ACTIVITY: Repeat what the lines below say, word for word, and skip every image.

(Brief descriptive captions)

○ ○ ○

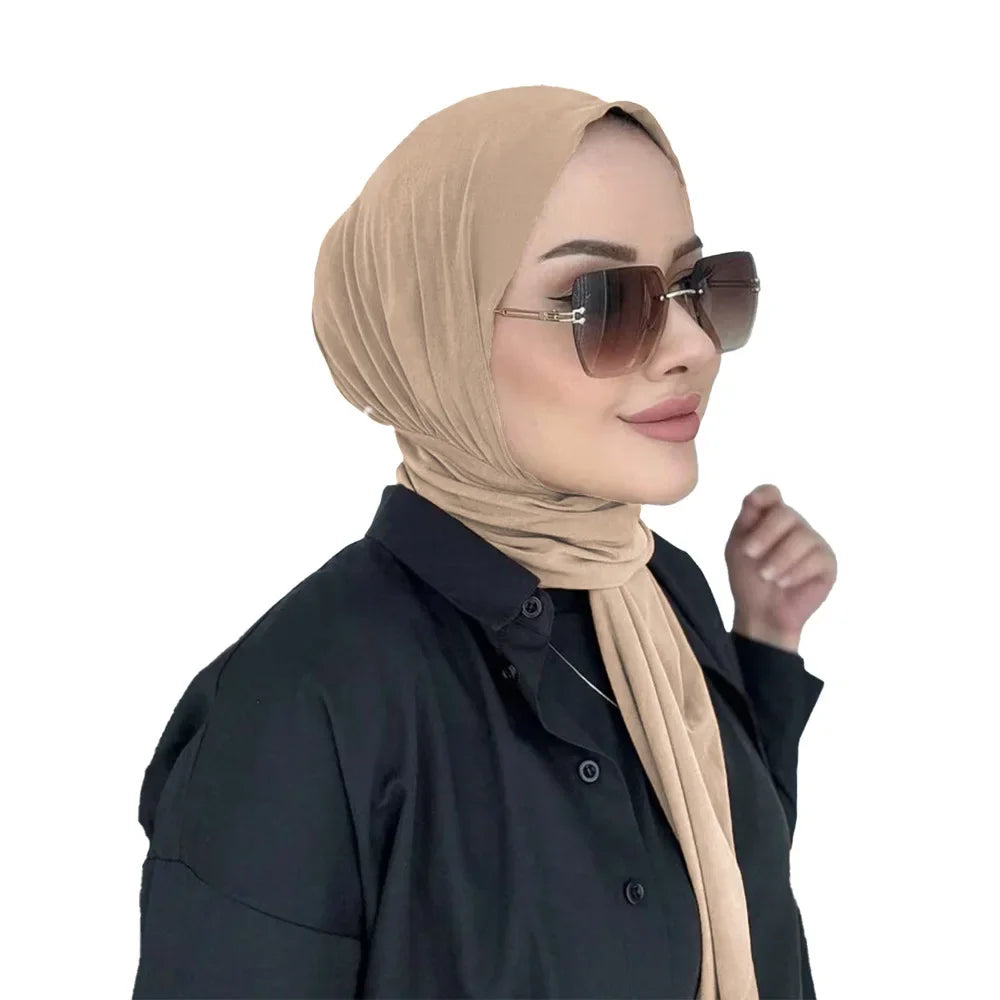 Instant Jersey Hijab Undercap Hijabs for Woman Muslim Women Hijab Cap Full Cover Head Wraps Islam Headscarf Femme Turbante Mujer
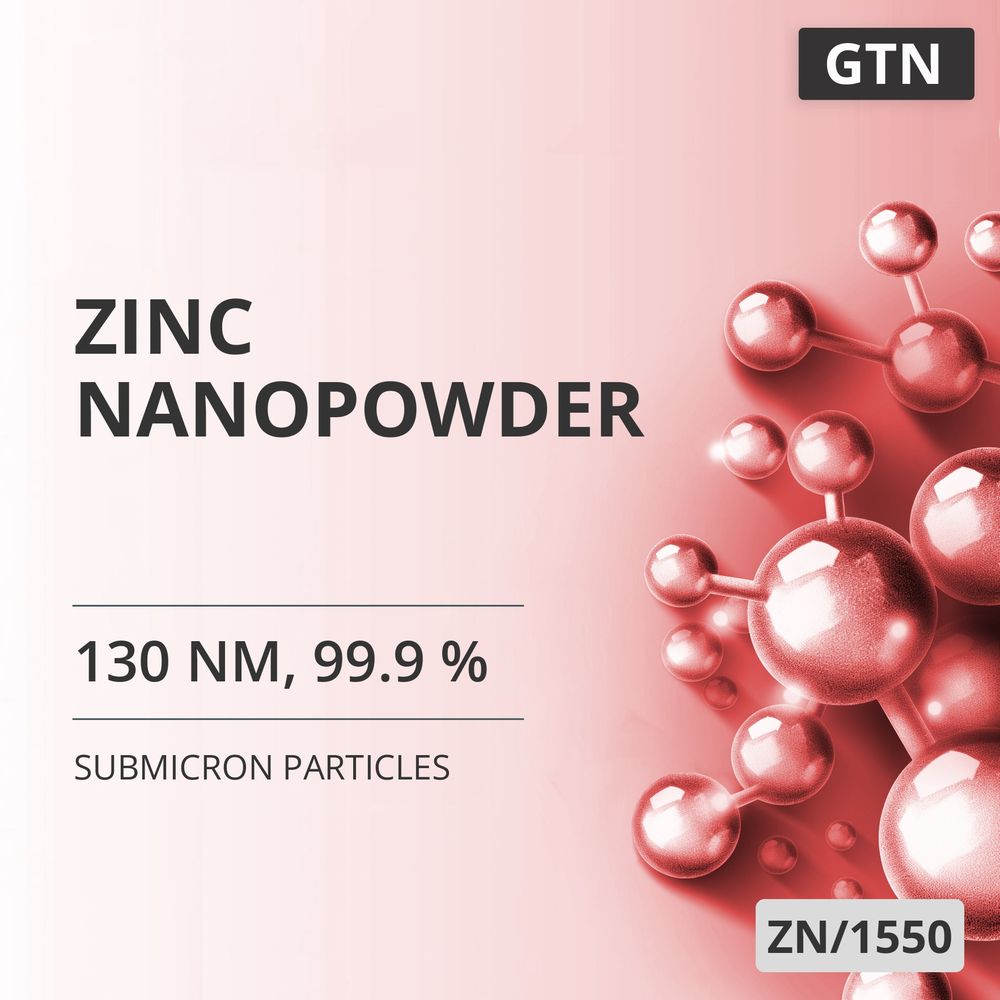 Zinc Nanopowder, 130 nm, 99.9 % (ZN/1550)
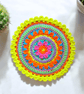 colourful crochet mandala doily - Image 2
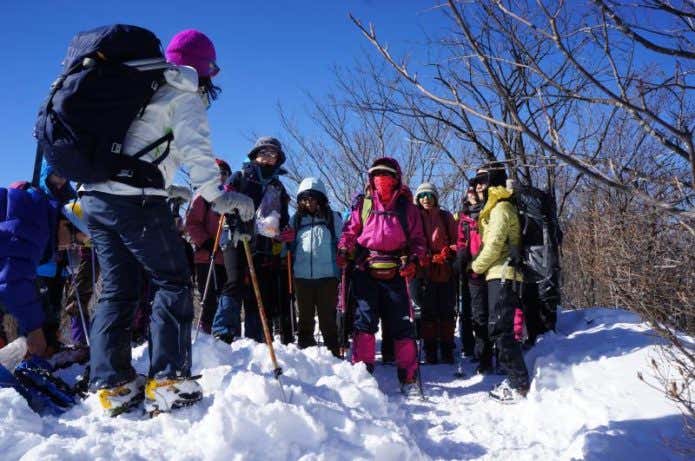 好日山荘の登山講習会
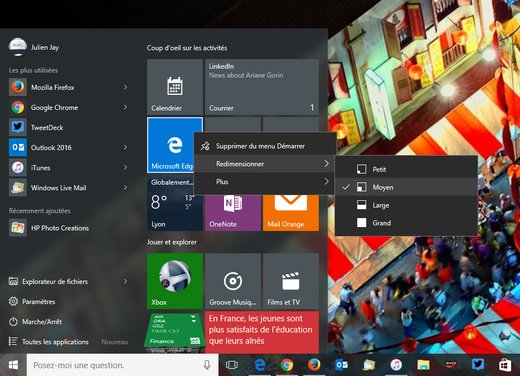 Windows 10 Threshold 2 - Menu démarrer
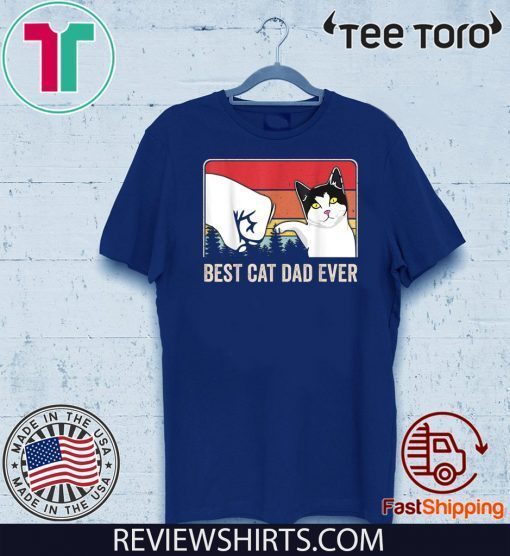 Best Cat Dad Ever Bump Fit 2020 T-Shirt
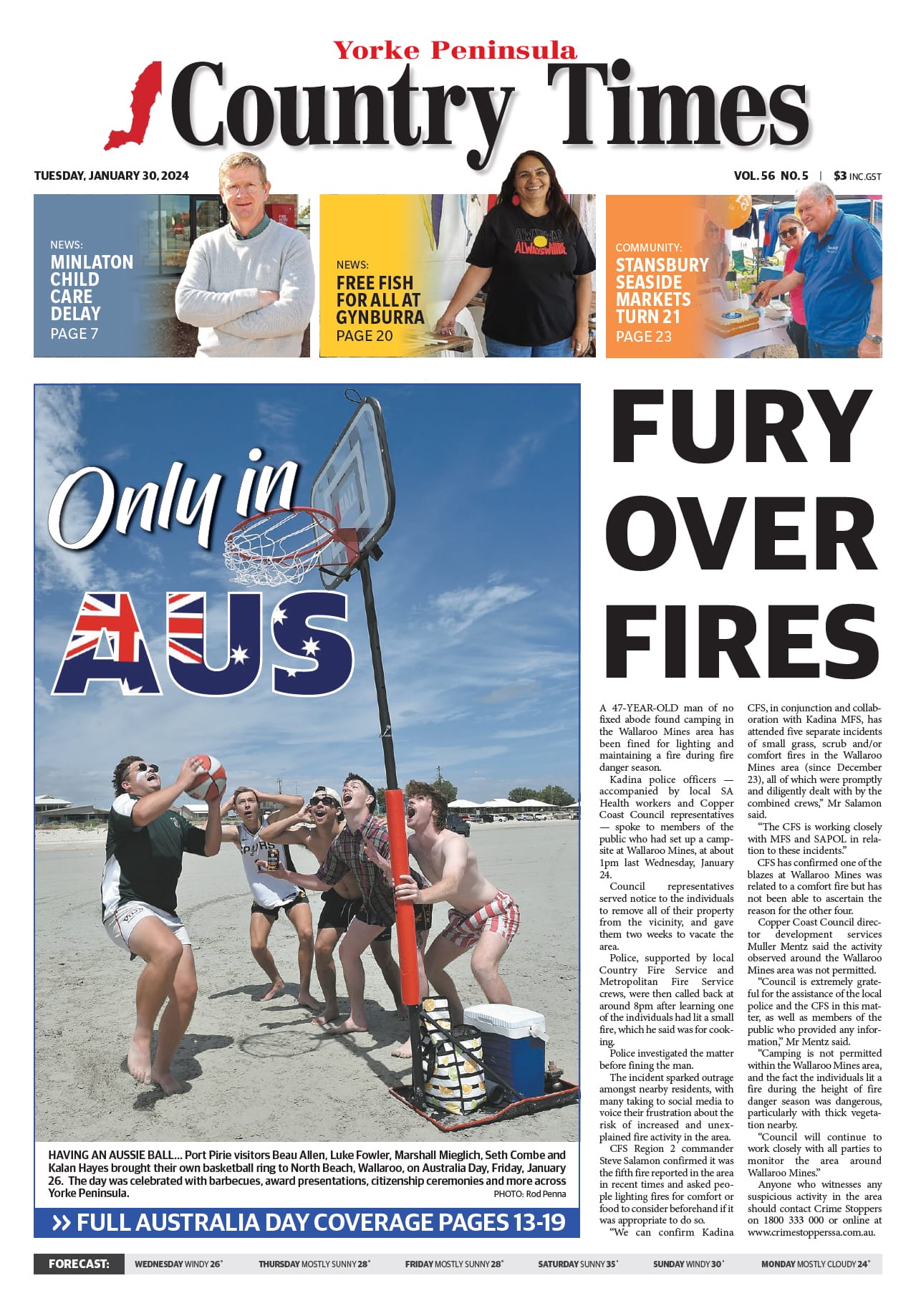 Yorke Peninsula Country Times 30 January 2024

○ ○ ○

EXPECTED ANSWER:
 Instant Jersey Hijab Undercap Hijabs for Woman Muslim Women Hijab Cap Full Cover Head Wraps Islam Headscarf Femme Turbante Mujer
 Zinc Nanopowder, 130 nm, 99.9 % (ZN/1550)
 colourful crochet mandala doily - Image 2
 好日山荘の登山講習会
 Windows 10 Threshold 2 - Menu démarrer
 Best Cat Dad Ever Bump Fit 2020 T-Shirt
 Yorke Peninsula Country Times 30 January 2024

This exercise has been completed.